Balfour Beatty faces a claim from Orchard Plaza Management in respect of an office block conversion project, and alleged non-compliant cladding.
Orchard were issued an improvement notice by Bournemouth Council to remediate the cladding issues, and it is now seeking the costs of this from Balfour.
The conversion project was undertaken in 2007-2008 by Mansell Construction Services, now Balfour Beatty. Balfour issued the funder of the project a collateral warranty, which passed to Orchard when they acquired the development.
Part of Balfour’s defence to Orchard’s claim was that the remediation losses were not in the contemplation of the parties to the warranty at the time. Balfour contended that a loss facing a funder would be reduction in the value of its security, and not repair costs.
The remoteness defence was referred to the Technology & Construction Court (TCC) for a preliminary decision. The TCC struck out the defence on a number of points. Firstly, a repair loss could conceivably have been suffered by a lender (and particularly bearing in mind “step in” provisions).
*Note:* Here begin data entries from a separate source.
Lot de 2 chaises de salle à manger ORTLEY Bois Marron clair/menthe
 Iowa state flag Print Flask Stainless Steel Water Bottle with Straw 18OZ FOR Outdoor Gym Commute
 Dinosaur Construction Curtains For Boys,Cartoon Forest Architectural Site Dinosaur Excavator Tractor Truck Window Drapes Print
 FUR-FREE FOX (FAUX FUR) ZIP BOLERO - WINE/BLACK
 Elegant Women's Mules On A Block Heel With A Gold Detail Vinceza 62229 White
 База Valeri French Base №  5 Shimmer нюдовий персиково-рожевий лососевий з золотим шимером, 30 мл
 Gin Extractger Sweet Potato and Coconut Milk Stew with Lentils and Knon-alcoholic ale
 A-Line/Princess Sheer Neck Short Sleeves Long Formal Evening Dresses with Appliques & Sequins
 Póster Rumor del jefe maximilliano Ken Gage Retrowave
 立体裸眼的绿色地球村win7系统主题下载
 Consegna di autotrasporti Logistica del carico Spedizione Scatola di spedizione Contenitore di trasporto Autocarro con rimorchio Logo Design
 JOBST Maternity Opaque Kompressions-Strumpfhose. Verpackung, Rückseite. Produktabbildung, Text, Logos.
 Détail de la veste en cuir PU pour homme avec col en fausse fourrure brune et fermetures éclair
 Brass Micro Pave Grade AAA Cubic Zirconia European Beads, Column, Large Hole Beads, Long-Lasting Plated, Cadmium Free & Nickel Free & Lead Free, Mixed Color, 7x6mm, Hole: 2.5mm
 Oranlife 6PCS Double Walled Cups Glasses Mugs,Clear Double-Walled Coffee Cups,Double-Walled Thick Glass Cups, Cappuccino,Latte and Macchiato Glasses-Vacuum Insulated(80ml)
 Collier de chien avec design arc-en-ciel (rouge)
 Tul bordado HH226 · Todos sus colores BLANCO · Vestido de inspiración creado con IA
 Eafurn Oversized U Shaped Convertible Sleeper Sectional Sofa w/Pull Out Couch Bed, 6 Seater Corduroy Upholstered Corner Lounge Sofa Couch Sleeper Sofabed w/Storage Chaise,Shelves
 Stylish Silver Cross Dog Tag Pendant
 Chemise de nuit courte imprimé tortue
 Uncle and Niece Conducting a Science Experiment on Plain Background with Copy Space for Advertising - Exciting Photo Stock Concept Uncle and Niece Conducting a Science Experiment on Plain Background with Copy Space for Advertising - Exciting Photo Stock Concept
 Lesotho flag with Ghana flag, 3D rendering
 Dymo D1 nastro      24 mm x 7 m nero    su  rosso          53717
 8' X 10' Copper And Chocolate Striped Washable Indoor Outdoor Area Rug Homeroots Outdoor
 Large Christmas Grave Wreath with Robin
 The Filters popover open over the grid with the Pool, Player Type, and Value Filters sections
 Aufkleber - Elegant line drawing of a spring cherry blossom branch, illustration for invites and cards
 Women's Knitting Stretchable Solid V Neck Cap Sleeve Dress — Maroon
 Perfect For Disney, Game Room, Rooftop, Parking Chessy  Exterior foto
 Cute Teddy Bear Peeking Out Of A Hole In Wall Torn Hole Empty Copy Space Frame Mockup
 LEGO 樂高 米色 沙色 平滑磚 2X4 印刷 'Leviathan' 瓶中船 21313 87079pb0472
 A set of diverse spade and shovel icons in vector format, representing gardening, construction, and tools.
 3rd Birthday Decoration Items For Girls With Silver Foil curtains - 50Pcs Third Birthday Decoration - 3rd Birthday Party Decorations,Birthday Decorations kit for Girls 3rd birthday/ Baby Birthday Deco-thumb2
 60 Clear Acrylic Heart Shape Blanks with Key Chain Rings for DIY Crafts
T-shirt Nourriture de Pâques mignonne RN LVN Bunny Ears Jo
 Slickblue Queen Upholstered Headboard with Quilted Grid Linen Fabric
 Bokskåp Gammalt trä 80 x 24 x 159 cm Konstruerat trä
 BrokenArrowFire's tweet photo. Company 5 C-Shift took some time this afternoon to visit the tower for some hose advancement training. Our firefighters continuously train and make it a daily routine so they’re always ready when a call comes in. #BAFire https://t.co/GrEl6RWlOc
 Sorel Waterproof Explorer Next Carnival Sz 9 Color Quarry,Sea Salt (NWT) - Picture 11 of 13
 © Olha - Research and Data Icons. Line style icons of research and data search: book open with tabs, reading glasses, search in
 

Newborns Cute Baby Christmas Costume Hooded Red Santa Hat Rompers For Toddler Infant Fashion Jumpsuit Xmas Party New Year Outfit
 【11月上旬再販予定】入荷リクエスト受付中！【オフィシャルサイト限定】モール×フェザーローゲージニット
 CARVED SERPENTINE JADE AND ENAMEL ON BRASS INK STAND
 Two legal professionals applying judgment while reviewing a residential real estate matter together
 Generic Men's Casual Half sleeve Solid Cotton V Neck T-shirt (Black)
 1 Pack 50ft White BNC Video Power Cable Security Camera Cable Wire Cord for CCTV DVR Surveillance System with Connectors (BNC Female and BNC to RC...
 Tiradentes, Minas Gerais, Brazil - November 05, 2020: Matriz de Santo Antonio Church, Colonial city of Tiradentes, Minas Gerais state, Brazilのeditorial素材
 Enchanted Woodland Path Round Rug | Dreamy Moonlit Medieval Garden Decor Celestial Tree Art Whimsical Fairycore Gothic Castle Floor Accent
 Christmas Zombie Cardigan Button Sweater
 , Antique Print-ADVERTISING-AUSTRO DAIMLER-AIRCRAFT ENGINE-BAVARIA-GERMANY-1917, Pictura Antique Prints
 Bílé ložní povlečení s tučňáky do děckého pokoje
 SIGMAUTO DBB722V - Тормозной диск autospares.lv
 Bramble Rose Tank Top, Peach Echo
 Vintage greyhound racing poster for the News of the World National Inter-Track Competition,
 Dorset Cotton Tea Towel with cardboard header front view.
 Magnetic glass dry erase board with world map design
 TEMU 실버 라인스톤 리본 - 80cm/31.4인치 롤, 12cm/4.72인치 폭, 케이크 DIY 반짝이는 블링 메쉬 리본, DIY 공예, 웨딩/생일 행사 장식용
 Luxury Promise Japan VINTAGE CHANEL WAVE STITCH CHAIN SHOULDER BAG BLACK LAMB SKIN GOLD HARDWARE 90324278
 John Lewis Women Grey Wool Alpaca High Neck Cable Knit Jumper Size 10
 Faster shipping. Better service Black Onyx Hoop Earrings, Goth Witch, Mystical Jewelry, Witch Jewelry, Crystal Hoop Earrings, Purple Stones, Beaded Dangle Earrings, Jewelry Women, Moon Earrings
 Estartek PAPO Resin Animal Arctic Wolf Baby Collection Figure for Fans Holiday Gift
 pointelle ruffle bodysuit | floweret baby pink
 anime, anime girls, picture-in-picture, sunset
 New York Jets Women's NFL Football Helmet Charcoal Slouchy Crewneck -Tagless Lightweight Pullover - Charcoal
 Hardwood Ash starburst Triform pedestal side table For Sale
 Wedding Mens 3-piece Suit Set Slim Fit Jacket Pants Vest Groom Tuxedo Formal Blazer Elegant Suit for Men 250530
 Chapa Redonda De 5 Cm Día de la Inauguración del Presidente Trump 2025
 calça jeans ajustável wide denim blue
Secondly, the warranty was assignable, and therefore likely types of losses which could be suffered by an assignee of a warranty would be within the contemplation of the parties. Finally, the warranty contained a clause at its 12.3 which stated:
“The Contractor agrees with the Beneficiary not to contend or argue that any person to whom the benefit of this Deed is assigned shall be precluded or prevented from recovering under this Deed any loss or damage resulting from any breach of this Deed by the Contractor by reason of the fact that such person is an assignee only or otherwise is not the original beneficiary or because the loss or damage suffered has been suffered by such person only and not by the original beneficiary, or because such loss is different to that which would have been suffered by the original beneficiary.”
The TCC concluded that clause 12.3 prevented Balfour from asserting remoteness of Orchard’s loss.
The case is therefore to go forward to trial.
James Burgoyne of Brunel Professions commented: “The court’s decisions in this case followed the working interpretations of those dealing with construction professionals’ appointments and collateral warranties on a day-to-day basis, and in this sense, they were not a surprise. However, the case is useful in affirming these interpretations and especially in the context of cladding claims. The underlying facts of this particular case are not unusual, and the decision is useful in understanding how these cases will be approached by the courts.”
A report about the case has been published by FieldFisher.